In one of the earlier paragraphs on this page one of the members was able to get in and see the remnants of the old theater. I don’t think too much could have changed in a year. I will be visiting New York next month to see my sister who lives in Long Island. I’m hoping she will drive us to see the old neighborhood and maybe walk around a little. I’m still looking for a good picture of the theater from the 60’s. I found one photograph, but it doesn’t have a real clear view of the theater. I will keep looking. I’ve seen some recent photos of the neighborhood along New Utrecht ave. and it seems like the area is recovering from the hard times in the 70’s and 80’s. A working theater would do wonders for this neighborhood, but it would have to provide entertainment that is suitable to the people that live and work there.
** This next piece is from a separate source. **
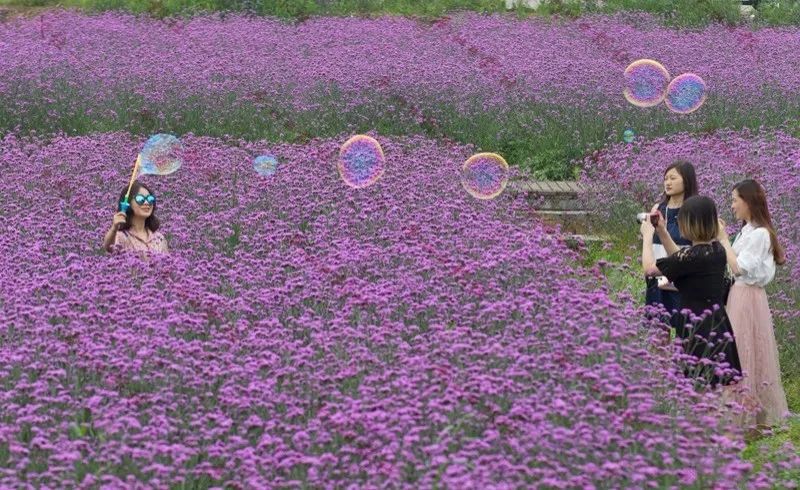 采蓝莓,住树屋,邂逅花海.周末约吗?一起去寻可爱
I hope the theater owners browse this web page theaterat. Maybe they will get the idea. Hey Bway…thanks for finding this bridgeandtunnelclub web page. I actually recognized some of the buildings in the borough park area. I was surprised that the old candy store and soda shop was still in business. The movie theater still looks pretty good. A lot of Architects would love to have that much to work with for a renovation and restoration project. The yellow brick always made the theater look like a golden palace. It’s a shame to see so many empty and defaced store fronts. Lostmemory I’m impressed. Where did you get this information? I think you are correct, the building on record predates the movie theater. I believe the street numbers are assigned to the buildings based on the city water meter that serves that building. I assume that the movie theater was built on the 4515 lot and the corner lot. I may have some photographs of the 46th street theater that go back to the early 60’s but it may take me a while to scan the photos.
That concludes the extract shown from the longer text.